5.  The amendments herein certified have been approved by at least a majority of the outstanding stock entitled to vote thereon, as prescribed by Sections 242 and 245 of the DGCL.

6.  The certificate of incorporation of the Corporation, as amended and restated in the instrument attached hereto, shall at the effective time of this Amended and Restated Certificate of Incorporation, read as attached hereto.

I, the undersigned, being the President and Chief Executive Officer of the Corporation, do make, file and record the Amended and Restated Certificate of Incorporation of Comtex News Network, Inc. attached hereto, do certify that the facts herein stated are true, and, accordingly, have hereto set my hand this 2nd day of June, 2010.
 
  /s/ Chip Brian 
  Chip Brian
  President and Chief Executive Officer
 
 
 

 
 
AMENDED AND RESTATED
CERTIFICATE OF INCORPORATION
OF
COMTEX NEWS NETWORK, INC.

FIRST:              The name of the Corporation is Comtex News Network, Inc. (hereinafter referred to as the “Corporation”).

SECOND:         The address of the registered office of the Corporation in the State of Delaware is 2711 Centerville Road, Suite 400, in the City of Wilmington, County of New Castle.
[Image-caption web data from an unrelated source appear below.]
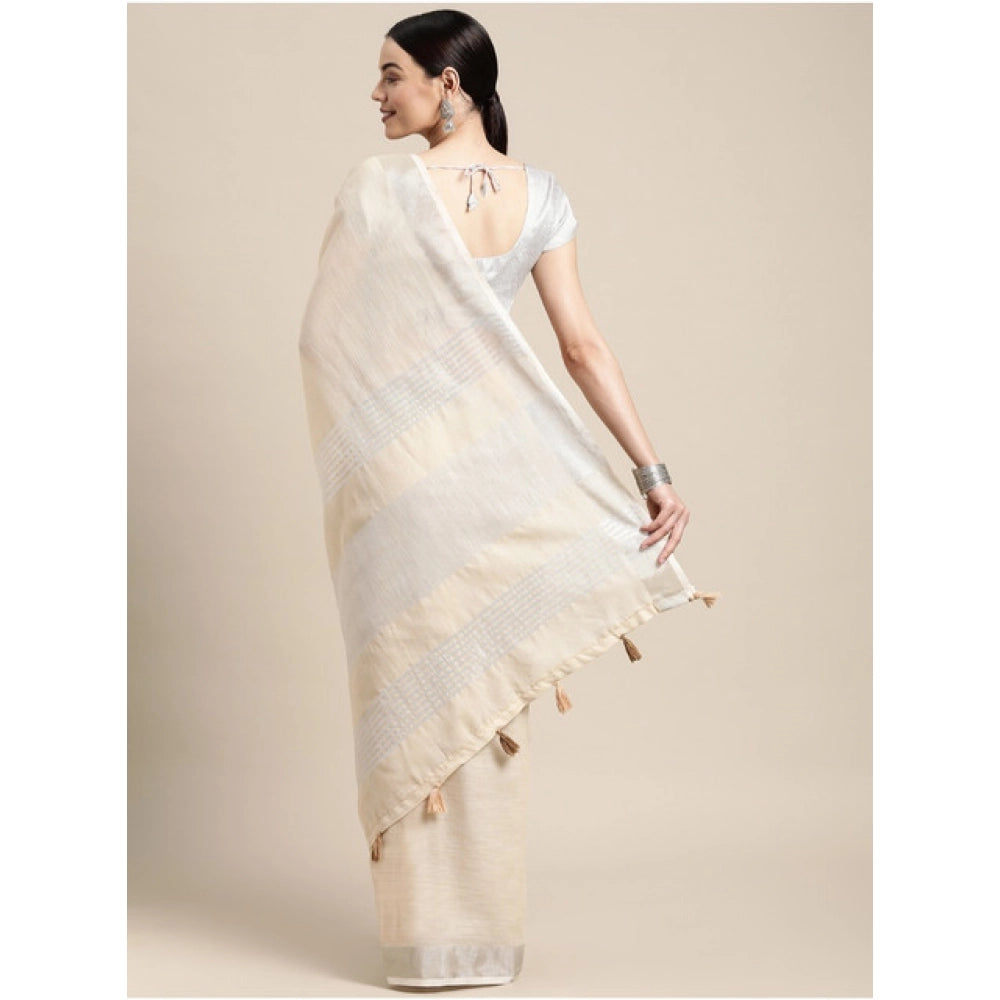Women's Linen Cotton Printed Saree With Unstitched Blouse 5.5 Mtr (Cream)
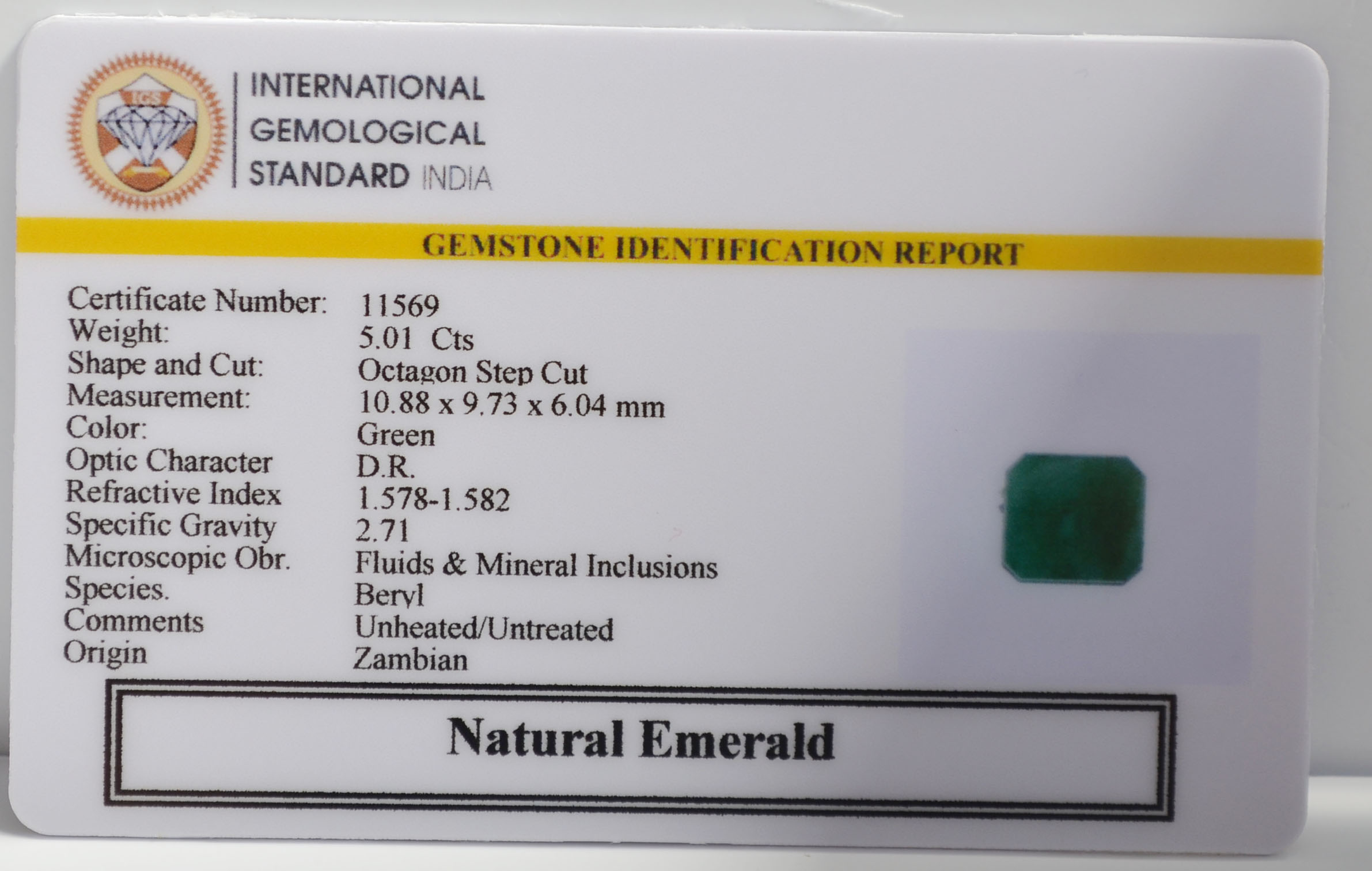 EMRG21624 2 EMERALD 5.01 Ct.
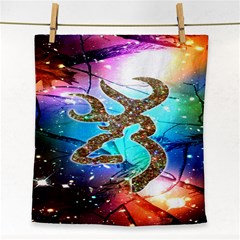 Browning Deer Glitter Galaxy Face Towel by artworkshop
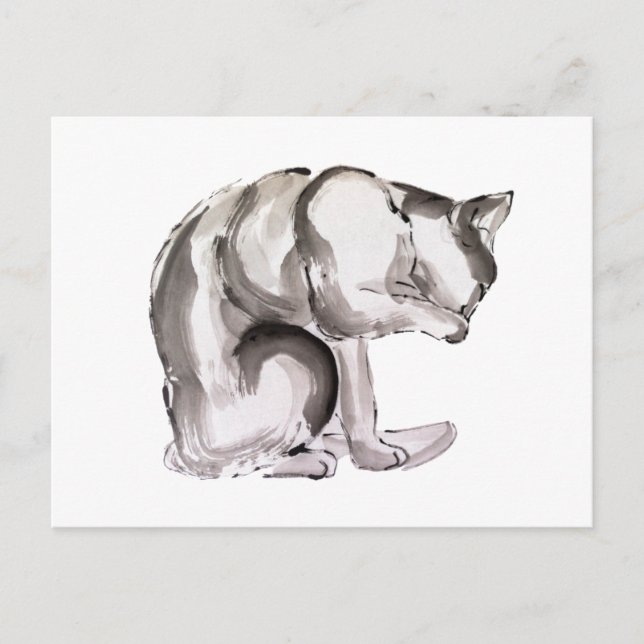 Cartão Postal Pintor de tinta de verão para lavagem de gatos (Frente)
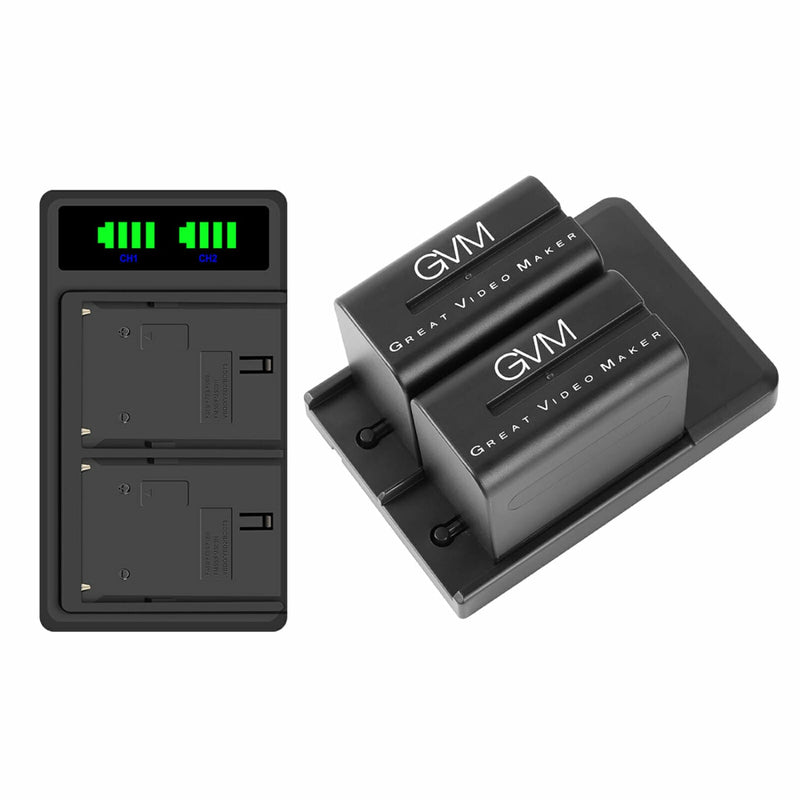 GVM-VM-F970 6600mAh Li-ion Batteries with Dual Charger and V-Mount Adapter - mylensball.com.au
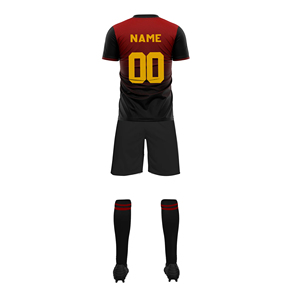 Vente en gros personnalisé élégant maillot de football jaune et noir ensemble complet uniforme de football avec service OEM vêtements de football à bas prix - Product Image 2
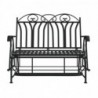 Banc coulissant 2 places 114 cm Noir Acier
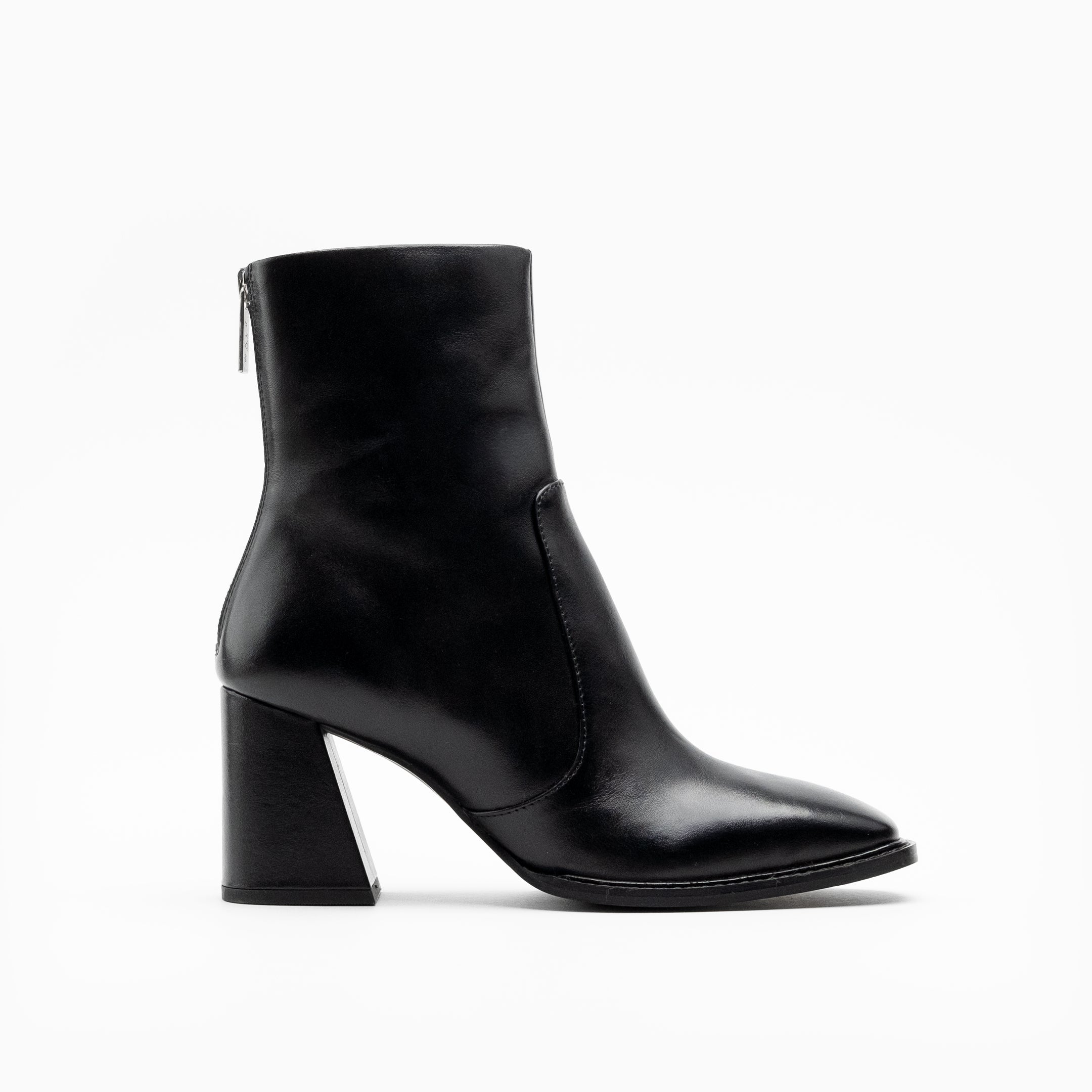 Walk London Womens Frankie Back Zip Boot in Black Leather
The name of the registered agent at that address is the Corporation Service Company.

THIRD:             The purpose of the Corporation is to engage in any lawful act or activity for which a corporation may be organized under the Delaware General Corporation Law.

FOURTH:

A.           The total number of shares of all classes of stock which the Corporation shall have authority to issue is 30,000,000 consisting of:

1.       5,000,000 shares of Preferred Stock, par value $.01 per share (the “Preferred Stock”); and

2.       25,000,000 shares of Common Stock, par value $.01 per share (the “Common Stock”).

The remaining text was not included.